Le BGR a exploré ses secteurs licenciés depuis 2006 et il prévoit continuer de façon plus détaillée au cours des sept prochaines années. « Nous voulons déterminer un champ ou explorer un emplacement ou un site au cœur de ces grandes zones où l’extraction pourrait commencer et faire une exploration assez détaillée pour qu’une société minière puisse entrer en activité dès que nous aurons terminé », a déclaré Carsten Ruehlemann. « C’est la prochaine étape. »

Aker Solutions, un fournisseur norvégien de technologie travaillant surtout dans l’industrie pétrolière et gazière, a collaboré étroitement avec le BGR au développement d’un « concept d’extraction. » L’idée est d’avoir un véhicule robot chenillé pour faire la collecte des nodules de ferromanganèse au fond de l’océan.
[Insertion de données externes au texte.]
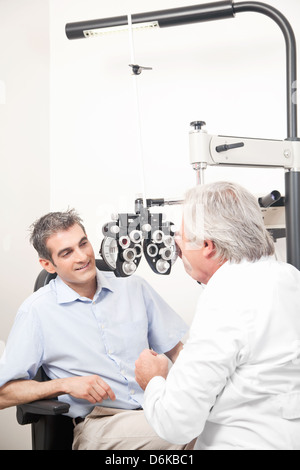 Optometrist doing Sight Testing Stock Photo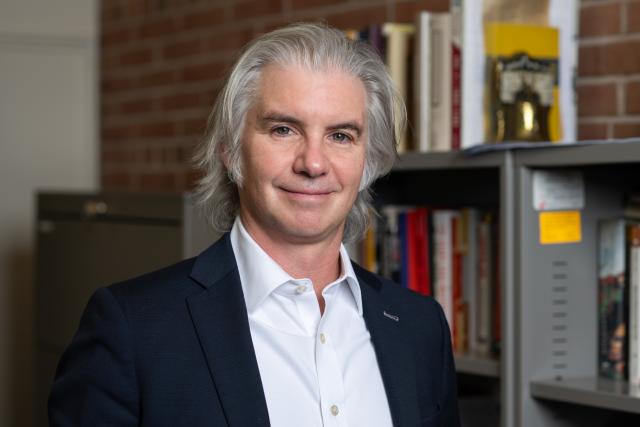 Jonathan Mercantini stands in front of a bookcase and a brick wall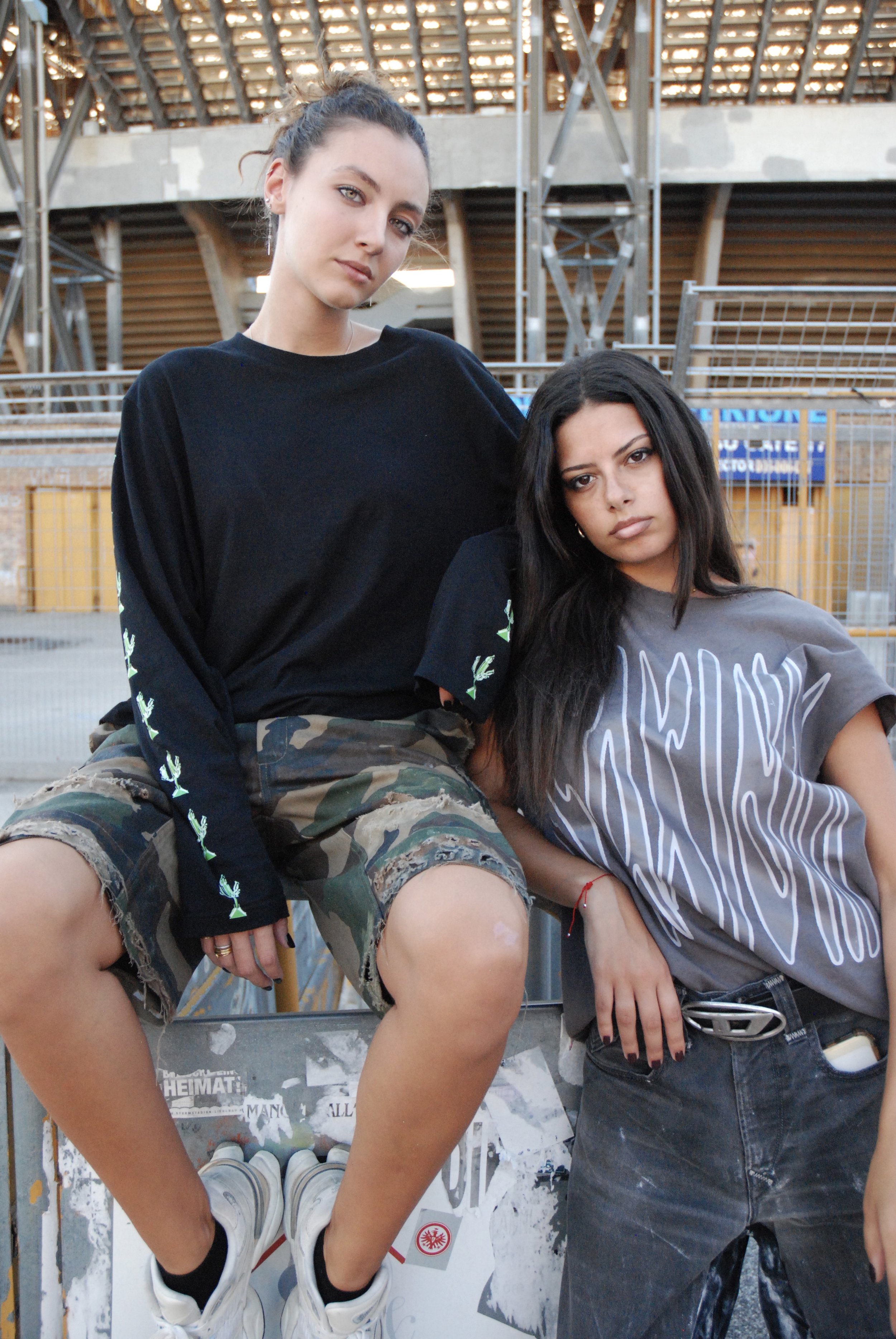 Deux jeunes femmes posent ensemble en extérieur, l'une en t-shirt noir et short camouflage, l'autre en t-shirt gris et jean noir.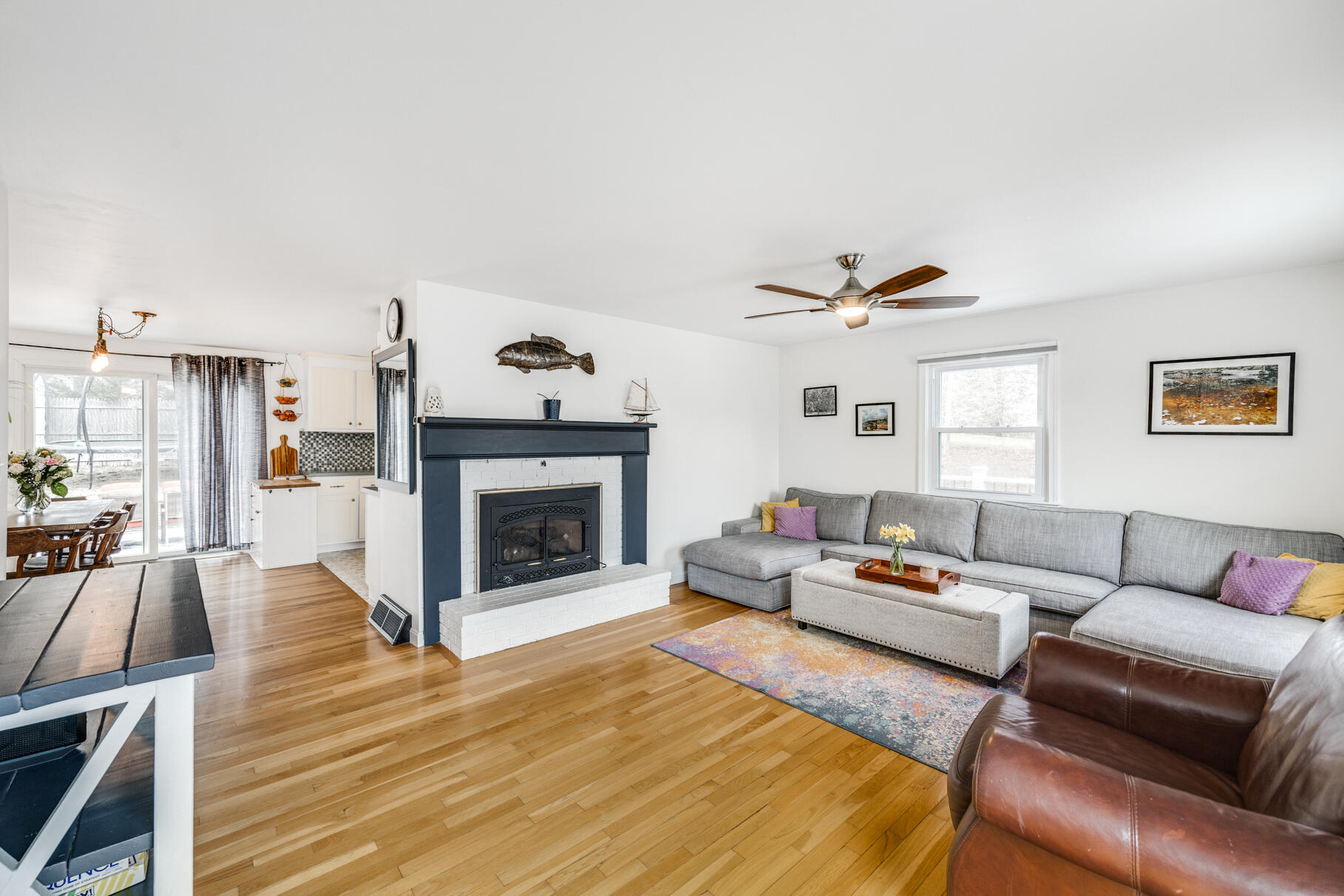 25 Cranberry Road Eastham, MA 02642 - Photo 8 of 45 a living room with furniture and a fireplace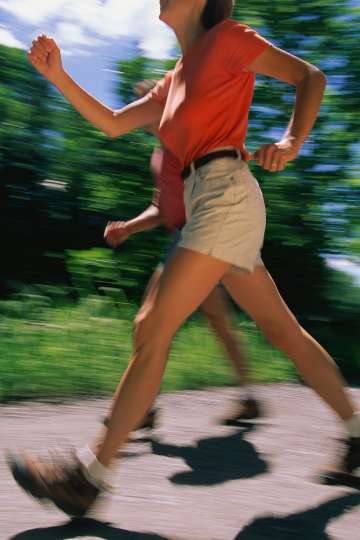 Two people walking outside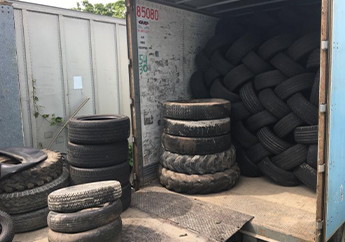 A box truck loaded with scrap tires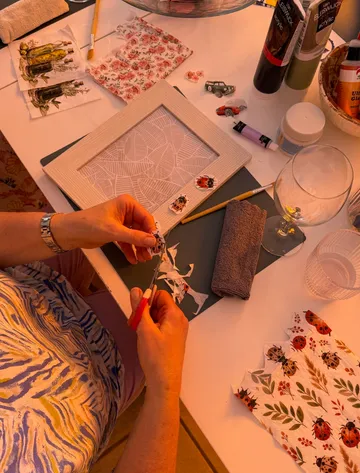 Person cutting ladybug prints for craft project.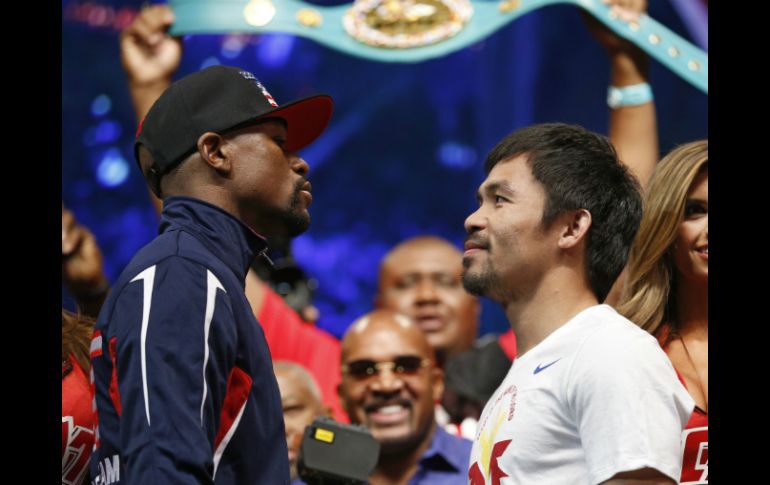 En el tercer frente a frente, Pacquiao se mostró más relajado y le sonrió a Floyd, quien tuvo una mirada penetrante. AP / J. Locher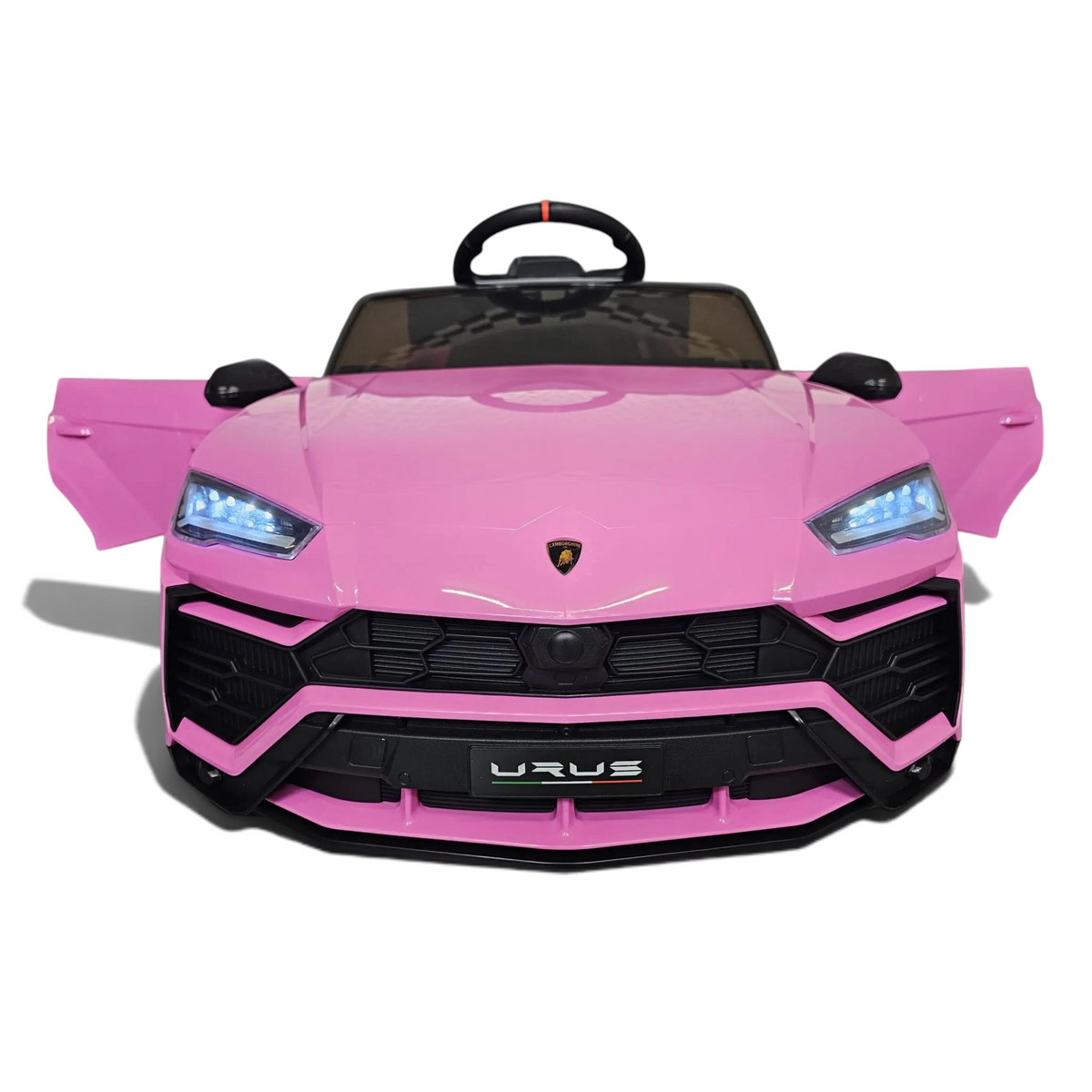 Voiture électrique enfant Petit Pilote Lamborghini Urus rose avec phares LED allumés, portes ouvertes et logo visible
Les nodules seraient transportés dans des tuyaux flexibles remplis d’eau jusqu’au navire, où ils seraient stockés. Les nodules seraient ensuite transportés à terre pour être traités.

Le ministère de l’Économie de l’Allemagne est actuellement à lancer des appels d’offres auprès des sociétés minières prêtes à manifester leur intérêt. L’extraction n’est pas près de commencer, a déclaré Carsten Ruehlemann, ajoutant : « Je suis convaincu que ça n’arrivera pas avant une dizaine d’années. »

Ceux qui auront accès à la zone contractuelle de l’Allemagne devront investir massivement dans le projet; Carsten Ruehlemann estime qu’il faudra un investissement initial d’un milliard $US et que les frais d’exploitation se chiffreront à environ 200 millions $US par année.